A delicious twist on a traditional recipe, with a vegan white sauce, smeared over thinly sliced, baked potatoes + throw in a bunch of fresh herbs and garlic. An amazing side dish that won’t disappoint.
Vegan Scalloped Potatoes
- Oven Safe Casserole Dish
- Aluminium Foil
- Chopping Board
- Chopping Knife
- Measuring Utensils: 1 cup, 1/2 a cup and tbsp
- Spray Oil
- Kitchen Scales
- 1 kg potatoes (we used red royal but any will do)
- 1 sprig fresh thyme (leaves removed)
- 1 sprig fresh oregano (leaves removed)
- 1 sprig rosemary (leaves removed)
- 2 tbsp chives (finely chopped)
- 2 cloves garlic (crushed)
- 30 grams vegan butter
- 2 tbsp cornflour
- 1 small pinch of freshly grated nutmeg
- 1 pinch salt and pepper
- 1 1/2 cups rice or soy milk
- Preheat your oven to 180°C.
- Slice your potatoes very thinly and arrange them in a well greased oven safe casserole dish. Sprinkle over the crushed garlic and herbs. Set aside.

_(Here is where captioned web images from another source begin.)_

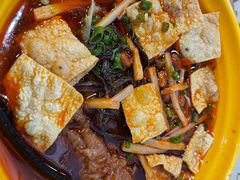原味螺蛳粉-龍城柳州螺蛳粉(群星路店)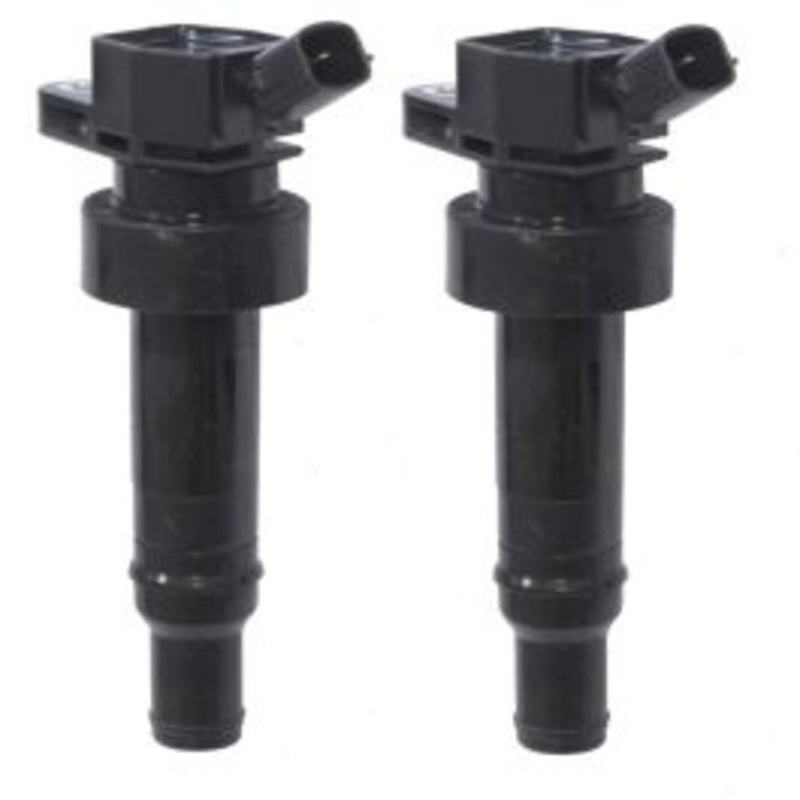 2 pc Hitachi IGC4080-HU Ignition Coils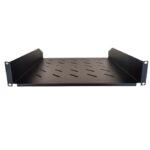 LDR WB-CA-17-45 Cantilever 2U 275mm Deep Shelf Recommended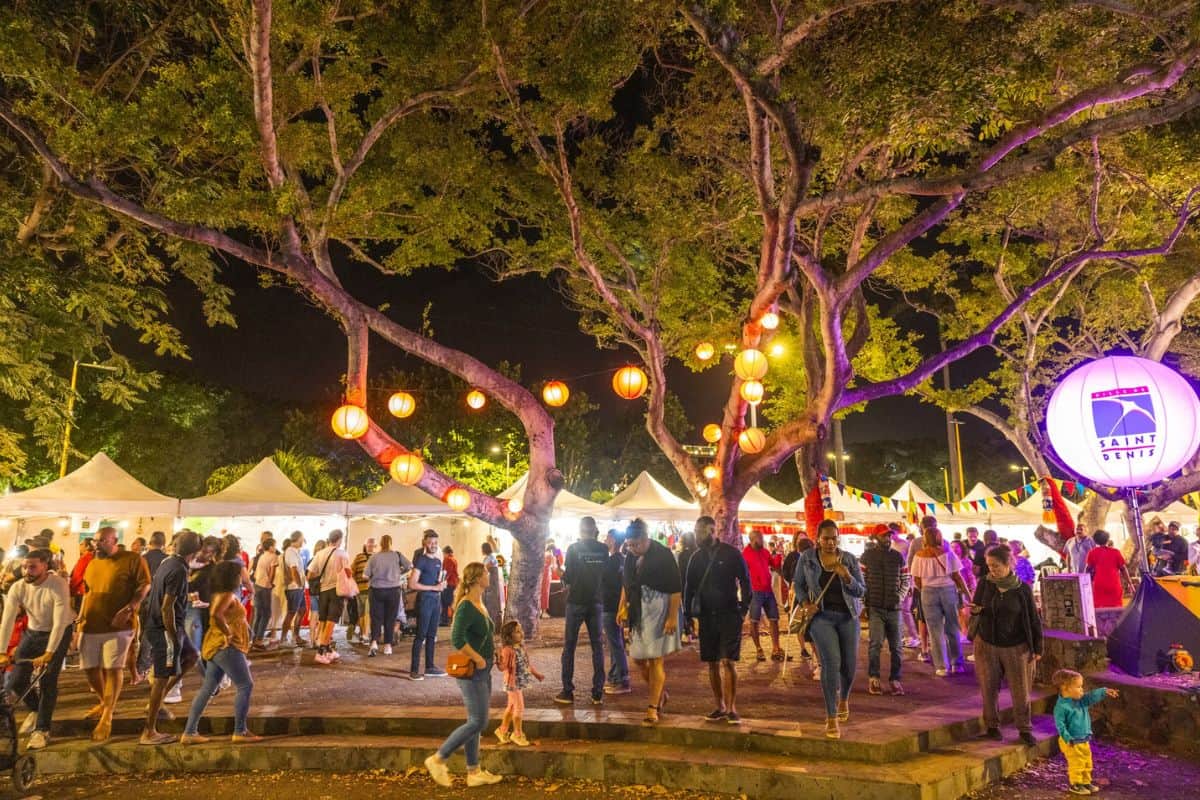 Fête de l’Unité 20 000 personnes célèbrent la diversité réunionnaise à Saint-Denis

- In a medium saucepan, melt 30 grams of vegan butter over low-medium heat. Once your butter has melted add in the flour and nutmeg, stirring to combine. Then add in your plant based milk slowly, adding in a 1/4 cup at a time and whisking out the lumps in between. Keep whisking until your mixture thickens and season with salt and pepper.
- Pour the white sauce over your potatoes in the casserole dish and cover with aluminium foil. Place into the oven for 45 minutes, take off the aluminium foil and bake for a further 15-20 minutes or until the top is golden and crispy.